**Instructions for the task**
Please count how many lines of the data include the word "China". Give only that number in reply.

--- Material provided Enclosed Below ---

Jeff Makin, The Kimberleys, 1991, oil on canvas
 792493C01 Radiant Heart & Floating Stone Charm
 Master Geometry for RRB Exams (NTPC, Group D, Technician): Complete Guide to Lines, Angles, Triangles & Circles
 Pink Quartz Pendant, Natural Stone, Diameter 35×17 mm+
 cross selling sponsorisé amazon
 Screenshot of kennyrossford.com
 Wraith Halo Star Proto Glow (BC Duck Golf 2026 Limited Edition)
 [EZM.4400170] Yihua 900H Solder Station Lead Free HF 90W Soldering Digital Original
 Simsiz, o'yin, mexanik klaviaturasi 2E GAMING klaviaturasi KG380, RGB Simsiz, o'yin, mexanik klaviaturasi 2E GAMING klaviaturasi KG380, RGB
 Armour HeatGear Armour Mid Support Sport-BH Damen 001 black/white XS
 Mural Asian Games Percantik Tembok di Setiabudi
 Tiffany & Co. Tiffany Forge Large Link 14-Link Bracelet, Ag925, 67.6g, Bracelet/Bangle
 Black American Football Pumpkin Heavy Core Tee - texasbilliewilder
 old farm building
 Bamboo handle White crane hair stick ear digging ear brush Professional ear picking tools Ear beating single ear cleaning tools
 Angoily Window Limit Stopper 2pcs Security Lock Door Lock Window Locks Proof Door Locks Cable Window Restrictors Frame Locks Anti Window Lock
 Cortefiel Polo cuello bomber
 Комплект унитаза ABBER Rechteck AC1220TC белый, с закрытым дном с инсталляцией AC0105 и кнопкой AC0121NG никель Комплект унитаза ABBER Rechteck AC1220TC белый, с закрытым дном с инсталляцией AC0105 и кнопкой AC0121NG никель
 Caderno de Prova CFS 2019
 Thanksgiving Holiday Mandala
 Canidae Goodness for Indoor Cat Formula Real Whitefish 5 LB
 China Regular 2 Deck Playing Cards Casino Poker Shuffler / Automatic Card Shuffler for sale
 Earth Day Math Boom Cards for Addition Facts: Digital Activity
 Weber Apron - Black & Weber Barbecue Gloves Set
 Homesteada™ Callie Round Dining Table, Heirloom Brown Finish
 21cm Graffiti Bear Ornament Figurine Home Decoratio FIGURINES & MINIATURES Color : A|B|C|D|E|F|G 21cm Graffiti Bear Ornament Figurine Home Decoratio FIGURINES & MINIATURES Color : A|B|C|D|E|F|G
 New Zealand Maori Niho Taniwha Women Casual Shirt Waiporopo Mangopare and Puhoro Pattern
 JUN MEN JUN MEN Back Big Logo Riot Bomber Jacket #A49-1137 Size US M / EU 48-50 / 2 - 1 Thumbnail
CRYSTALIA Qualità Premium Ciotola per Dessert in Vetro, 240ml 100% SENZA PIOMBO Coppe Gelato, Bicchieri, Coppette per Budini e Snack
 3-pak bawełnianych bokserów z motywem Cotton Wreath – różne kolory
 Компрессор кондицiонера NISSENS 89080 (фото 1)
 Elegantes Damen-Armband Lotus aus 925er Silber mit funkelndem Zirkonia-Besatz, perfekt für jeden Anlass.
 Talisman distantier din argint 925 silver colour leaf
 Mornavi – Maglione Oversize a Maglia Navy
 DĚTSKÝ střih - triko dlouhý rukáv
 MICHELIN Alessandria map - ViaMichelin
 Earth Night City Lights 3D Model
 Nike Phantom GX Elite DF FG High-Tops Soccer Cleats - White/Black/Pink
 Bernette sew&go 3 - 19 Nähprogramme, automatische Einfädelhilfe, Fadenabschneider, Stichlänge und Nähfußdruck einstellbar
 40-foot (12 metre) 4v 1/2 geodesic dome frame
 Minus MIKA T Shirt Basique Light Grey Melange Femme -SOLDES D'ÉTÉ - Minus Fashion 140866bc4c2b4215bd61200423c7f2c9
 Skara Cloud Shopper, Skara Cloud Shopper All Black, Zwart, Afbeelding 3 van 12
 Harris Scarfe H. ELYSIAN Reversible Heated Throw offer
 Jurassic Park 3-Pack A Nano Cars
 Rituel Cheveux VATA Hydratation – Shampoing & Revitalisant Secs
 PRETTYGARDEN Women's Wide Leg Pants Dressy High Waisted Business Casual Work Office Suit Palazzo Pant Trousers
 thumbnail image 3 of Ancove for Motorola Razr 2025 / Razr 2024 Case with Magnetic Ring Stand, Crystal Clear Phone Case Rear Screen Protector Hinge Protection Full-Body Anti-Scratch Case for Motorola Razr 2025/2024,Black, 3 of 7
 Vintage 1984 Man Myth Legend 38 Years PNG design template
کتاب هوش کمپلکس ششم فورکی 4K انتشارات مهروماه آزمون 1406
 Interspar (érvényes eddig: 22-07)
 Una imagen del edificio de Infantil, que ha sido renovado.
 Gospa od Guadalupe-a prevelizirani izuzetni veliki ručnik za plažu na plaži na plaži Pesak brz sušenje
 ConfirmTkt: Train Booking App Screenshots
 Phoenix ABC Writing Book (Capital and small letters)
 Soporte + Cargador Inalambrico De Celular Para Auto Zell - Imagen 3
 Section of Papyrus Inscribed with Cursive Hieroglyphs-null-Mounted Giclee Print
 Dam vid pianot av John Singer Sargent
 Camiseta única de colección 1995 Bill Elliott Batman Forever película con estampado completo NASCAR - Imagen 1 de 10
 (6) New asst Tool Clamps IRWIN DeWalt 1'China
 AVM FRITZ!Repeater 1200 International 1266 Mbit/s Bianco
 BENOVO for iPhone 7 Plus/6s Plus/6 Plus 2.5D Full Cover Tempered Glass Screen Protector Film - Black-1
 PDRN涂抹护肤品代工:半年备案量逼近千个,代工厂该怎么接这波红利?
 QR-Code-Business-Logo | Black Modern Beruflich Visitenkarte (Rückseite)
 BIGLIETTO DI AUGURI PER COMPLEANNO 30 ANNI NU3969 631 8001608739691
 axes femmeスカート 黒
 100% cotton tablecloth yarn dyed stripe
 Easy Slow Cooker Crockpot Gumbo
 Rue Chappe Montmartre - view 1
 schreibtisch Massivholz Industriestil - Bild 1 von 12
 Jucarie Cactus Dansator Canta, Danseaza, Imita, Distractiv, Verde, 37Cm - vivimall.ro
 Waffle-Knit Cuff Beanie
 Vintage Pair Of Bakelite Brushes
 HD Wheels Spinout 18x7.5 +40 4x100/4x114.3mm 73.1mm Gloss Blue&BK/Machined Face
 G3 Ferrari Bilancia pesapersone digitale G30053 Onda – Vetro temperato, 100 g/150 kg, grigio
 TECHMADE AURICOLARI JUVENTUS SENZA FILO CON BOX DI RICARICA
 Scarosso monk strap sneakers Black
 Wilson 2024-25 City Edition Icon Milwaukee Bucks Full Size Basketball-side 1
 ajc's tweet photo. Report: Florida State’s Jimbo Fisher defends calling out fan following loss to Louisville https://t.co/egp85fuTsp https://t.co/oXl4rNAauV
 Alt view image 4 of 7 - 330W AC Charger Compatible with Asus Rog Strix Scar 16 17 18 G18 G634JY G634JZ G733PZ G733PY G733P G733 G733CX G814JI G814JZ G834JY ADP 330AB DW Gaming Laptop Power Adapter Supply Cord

--- End of Enclosed Material provided ---

**Solved exercise**
2